#### [WORK INSTRUCTIONS]
Please output exactly the lines below, starting at the line that has "14k White Gold Garnet Marquise Stud Earring" and ending at the line that has "Live 4 Truth‎", both included; leave out all pictures and include nothing else.

#### [SUPPLIED MATERIAL]
* * * * * * *
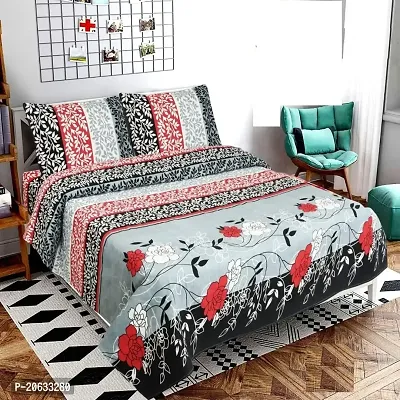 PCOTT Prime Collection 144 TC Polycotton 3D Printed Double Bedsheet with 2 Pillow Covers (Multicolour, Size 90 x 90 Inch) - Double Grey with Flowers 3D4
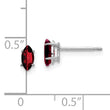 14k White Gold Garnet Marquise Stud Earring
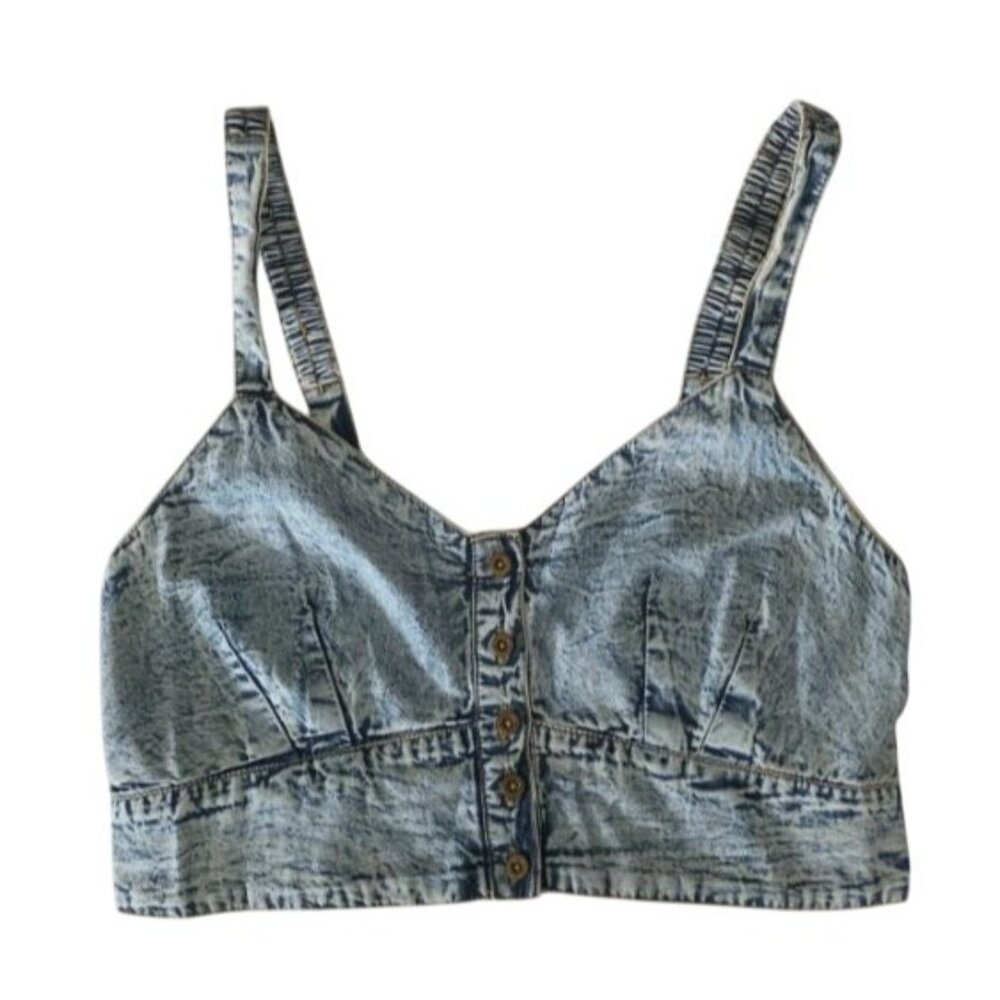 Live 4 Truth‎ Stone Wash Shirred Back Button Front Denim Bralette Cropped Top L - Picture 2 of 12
* * * * * * *
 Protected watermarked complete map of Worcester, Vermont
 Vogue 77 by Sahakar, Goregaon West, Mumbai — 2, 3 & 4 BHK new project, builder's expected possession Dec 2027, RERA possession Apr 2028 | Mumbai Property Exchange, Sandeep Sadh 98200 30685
* * * * * * *
#### [OUTPUT OF THE EXERCISE]
 14k White Gold Garnet Marquise Stud Earring
 Live 4 Truth‎ Stone Wash Shirred Back Button Front Denim Bralette Cropped Top L - Picture 2 of 12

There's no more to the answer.